Communicators Who Call Themselves PR People; PR People Who Call Themselves Communicators

Thinking a little more about my post on the difference between measuring communication and measuring public relations (and yes, I know I spend too much time worrying about trifling semantics) I am struck by the fact that in our industry the people who are most likely to be practicing public relations are also most likely to call themselves corporate communicators, while those who practice mere communications eagerly embrace the term public relations.

Part of this stems from what appears to be genuine confusion about the terms: I have, in the past, received press releases from firms claiming that they are broadening their services beyond public relations to include marketing communications. It has always seemed obvious to me that marketing communications (typically, communicating with consumers) is a sub-set of public relations (building relationships between an audience and all its publics or stakeholders.

Whence the confusion?

The origin of the problem is that it has always been possible for anyone to hang out a shingle claiming to be offering public relations. Over the years, many of those who were in fact publicists, whose service offering began and ended with media relations, decided that public relations sounded better. So they started to claim to be public relations people, thus beginning the devaluation of the term public relations.

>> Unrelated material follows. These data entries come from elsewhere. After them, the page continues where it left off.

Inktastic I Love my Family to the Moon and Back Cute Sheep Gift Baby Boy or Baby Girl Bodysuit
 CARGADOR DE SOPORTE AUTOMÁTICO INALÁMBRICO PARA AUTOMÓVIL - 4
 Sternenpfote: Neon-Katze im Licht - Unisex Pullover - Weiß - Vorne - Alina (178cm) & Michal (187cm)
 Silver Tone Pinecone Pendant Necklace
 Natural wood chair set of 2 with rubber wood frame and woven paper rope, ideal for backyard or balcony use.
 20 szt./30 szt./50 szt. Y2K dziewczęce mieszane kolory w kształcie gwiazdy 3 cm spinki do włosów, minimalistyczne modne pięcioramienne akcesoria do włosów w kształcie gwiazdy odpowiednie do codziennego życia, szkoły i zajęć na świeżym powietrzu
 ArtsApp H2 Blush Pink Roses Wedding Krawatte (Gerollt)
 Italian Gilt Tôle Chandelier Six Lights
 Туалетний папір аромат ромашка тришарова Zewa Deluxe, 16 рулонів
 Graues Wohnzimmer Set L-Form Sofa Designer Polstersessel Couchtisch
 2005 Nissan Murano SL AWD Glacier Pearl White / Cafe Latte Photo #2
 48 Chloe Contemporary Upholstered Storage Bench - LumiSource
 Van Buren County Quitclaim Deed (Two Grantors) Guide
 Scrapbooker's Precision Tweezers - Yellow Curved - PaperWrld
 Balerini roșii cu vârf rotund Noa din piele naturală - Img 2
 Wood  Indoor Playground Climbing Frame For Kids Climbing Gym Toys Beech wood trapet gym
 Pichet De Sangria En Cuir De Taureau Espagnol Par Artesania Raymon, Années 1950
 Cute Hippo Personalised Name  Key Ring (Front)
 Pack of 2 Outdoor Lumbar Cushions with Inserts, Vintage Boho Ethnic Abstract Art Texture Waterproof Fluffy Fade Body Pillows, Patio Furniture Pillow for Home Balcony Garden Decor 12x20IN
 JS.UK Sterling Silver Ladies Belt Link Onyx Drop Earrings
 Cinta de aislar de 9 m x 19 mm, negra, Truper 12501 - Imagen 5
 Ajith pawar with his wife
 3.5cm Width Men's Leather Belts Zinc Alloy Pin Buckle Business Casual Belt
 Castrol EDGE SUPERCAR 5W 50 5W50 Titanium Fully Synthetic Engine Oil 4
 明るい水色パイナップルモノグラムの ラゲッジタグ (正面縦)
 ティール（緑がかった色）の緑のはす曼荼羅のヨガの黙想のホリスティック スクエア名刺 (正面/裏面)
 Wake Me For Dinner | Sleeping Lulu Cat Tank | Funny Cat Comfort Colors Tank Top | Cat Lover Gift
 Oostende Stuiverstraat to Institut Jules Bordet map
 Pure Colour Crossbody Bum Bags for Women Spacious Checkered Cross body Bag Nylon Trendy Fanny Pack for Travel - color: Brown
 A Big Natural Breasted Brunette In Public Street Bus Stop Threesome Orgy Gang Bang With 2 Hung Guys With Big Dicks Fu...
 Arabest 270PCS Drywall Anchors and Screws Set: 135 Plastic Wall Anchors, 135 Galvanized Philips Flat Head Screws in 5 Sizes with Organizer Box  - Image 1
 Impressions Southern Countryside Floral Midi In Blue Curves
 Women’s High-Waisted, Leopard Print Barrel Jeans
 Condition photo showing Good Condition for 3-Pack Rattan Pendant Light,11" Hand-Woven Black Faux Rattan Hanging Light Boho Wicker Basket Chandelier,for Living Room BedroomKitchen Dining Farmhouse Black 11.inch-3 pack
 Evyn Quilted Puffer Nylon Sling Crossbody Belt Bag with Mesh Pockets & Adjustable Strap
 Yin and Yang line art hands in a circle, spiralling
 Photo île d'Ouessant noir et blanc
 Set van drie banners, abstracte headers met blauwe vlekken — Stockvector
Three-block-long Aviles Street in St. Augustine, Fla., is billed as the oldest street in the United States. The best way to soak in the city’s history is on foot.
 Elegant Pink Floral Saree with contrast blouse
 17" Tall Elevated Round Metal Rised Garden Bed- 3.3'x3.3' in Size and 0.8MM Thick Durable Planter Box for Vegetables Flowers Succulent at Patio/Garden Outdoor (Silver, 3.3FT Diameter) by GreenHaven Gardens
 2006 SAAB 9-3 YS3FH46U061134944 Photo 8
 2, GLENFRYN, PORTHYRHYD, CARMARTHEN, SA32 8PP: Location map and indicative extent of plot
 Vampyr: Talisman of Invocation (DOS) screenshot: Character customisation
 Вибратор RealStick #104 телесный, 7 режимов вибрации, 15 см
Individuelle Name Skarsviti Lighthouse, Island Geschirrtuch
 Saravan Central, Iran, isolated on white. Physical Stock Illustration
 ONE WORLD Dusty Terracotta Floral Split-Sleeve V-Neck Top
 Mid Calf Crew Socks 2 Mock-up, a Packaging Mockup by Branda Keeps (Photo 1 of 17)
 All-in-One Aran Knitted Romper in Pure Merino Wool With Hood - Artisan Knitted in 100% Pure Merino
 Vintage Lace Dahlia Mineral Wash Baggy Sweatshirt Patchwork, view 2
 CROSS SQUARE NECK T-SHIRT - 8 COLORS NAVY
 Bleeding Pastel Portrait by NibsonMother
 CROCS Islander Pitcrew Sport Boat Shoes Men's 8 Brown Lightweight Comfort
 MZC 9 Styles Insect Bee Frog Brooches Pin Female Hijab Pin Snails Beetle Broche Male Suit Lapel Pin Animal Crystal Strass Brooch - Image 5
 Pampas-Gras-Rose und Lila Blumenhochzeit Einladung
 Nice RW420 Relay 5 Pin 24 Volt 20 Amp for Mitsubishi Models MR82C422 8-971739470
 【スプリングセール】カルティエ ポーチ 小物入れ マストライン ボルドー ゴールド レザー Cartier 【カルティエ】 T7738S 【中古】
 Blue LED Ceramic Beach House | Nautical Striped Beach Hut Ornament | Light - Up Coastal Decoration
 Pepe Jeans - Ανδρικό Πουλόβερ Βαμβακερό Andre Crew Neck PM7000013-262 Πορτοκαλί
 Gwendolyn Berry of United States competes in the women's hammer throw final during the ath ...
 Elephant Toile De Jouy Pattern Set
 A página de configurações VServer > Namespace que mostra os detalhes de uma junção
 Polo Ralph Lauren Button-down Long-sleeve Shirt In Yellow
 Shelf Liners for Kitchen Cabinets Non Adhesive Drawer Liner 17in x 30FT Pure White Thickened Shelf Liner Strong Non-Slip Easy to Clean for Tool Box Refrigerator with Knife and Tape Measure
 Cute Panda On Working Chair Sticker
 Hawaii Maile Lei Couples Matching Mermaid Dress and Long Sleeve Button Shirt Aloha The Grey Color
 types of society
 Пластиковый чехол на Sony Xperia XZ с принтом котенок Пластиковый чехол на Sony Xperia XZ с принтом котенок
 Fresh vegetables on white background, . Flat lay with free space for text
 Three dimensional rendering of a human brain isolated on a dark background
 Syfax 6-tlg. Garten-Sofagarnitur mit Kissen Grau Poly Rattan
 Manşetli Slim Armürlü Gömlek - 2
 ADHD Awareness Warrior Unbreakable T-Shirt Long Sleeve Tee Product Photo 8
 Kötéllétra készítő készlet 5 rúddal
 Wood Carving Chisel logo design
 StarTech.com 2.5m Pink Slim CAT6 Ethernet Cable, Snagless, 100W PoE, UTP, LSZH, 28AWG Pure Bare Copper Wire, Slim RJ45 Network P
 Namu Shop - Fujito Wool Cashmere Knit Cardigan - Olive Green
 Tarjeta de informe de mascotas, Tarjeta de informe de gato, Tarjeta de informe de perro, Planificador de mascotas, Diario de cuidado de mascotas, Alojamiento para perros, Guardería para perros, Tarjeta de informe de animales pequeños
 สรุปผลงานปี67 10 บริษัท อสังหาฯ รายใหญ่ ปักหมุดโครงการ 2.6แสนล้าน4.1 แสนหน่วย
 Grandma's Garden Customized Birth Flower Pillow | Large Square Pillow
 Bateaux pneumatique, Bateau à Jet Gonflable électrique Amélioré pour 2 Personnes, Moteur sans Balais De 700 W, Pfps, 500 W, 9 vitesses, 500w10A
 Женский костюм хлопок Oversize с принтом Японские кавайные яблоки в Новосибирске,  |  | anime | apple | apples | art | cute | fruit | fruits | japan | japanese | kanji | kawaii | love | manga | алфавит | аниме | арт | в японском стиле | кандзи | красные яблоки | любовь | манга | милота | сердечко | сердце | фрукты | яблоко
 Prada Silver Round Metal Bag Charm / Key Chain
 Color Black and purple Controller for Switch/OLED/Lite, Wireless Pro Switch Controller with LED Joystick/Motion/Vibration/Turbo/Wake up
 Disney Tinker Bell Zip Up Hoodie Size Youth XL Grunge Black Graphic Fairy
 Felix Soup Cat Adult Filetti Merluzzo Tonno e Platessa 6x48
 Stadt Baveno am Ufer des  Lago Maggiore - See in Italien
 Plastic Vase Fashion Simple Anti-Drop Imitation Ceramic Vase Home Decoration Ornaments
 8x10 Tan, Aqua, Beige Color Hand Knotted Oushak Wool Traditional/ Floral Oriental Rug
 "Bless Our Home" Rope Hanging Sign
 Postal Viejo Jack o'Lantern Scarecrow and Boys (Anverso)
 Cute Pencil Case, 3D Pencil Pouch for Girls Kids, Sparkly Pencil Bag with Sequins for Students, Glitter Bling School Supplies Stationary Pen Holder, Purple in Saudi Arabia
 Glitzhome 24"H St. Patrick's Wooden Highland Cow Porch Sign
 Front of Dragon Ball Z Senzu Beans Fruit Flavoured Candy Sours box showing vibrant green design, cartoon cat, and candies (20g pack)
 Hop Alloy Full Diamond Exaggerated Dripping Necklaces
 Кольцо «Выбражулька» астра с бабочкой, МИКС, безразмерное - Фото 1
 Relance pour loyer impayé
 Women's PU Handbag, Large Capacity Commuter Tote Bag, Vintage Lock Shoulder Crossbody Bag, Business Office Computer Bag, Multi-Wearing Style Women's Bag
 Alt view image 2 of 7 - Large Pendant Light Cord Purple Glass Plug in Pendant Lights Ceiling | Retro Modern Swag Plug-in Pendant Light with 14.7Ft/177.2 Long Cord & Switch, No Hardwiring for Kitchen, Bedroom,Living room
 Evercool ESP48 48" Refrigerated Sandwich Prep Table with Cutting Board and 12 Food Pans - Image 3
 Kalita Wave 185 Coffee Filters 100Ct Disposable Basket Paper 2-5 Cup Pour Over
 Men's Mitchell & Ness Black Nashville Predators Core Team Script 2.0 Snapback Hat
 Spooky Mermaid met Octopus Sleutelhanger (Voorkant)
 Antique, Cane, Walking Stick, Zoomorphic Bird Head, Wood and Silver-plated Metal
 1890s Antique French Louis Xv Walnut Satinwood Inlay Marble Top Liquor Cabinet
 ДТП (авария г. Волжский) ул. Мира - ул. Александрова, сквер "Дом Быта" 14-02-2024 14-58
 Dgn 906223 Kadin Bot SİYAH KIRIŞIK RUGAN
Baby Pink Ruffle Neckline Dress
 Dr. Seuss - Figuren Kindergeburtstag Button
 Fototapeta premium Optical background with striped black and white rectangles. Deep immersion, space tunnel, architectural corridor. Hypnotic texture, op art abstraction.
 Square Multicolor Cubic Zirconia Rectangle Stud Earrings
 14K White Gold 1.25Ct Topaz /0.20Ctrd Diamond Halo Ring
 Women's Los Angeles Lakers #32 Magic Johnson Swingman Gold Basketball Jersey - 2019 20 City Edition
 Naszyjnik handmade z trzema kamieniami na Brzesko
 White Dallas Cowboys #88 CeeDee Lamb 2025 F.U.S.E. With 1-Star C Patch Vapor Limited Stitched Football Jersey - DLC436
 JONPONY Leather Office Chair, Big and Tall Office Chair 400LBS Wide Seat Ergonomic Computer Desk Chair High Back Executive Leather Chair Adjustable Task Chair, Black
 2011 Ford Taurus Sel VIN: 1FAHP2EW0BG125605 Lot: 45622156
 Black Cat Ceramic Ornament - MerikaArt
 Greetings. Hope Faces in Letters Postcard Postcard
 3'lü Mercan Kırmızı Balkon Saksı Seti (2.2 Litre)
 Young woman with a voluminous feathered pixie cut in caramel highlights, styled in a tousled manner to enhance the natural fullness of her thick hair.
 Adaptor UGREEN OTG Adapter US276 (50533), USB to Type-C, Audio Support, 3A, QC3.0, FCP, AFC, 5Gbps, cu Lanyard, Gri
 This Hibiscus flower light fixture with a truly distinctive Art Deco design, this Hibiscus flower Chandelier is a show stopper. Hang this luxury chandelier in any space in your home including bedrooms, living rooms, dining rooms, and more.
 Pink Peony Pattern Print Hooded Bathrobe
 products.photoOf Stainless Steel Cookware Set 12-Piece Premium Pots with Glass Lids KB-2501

In response, many serious practitioners of genuine public relations--particularly within corporate America-- decided they needed a different term to describe what they did. So they cast about for an alternative term, and a majority of them settled on corporate communications. (The last time I looked at the membership roster of the Arthur W. Page Society, for example, I don't think there was a single senior in-house professional with the words "public relations" in his or her title. Someone will doubtless correct me if I am wrong.)

In addition to the desire to distance themselves from the publicists-pretending-to-be-PR-people, however, I wonder if there was not in fact some pressure inside corporations for the function to actually become corporate communications rather than public relations. Which is to say, I wonder whether most companies are not, in fact, far more comfortable communicating (by which I, and they, really mean disseminating their message) than they are relating?

That may have been the case 20 years ago, when the change in nomenclature took place. But it cannot be the case in the new social media age: communicating (at least the half of it that communications departments typically engage in: talking) is not a particularly useful skill. Relating is. Maybe it's time to reclaim the words "public relations" and, more importantly, the philosophical principles that underpin those words.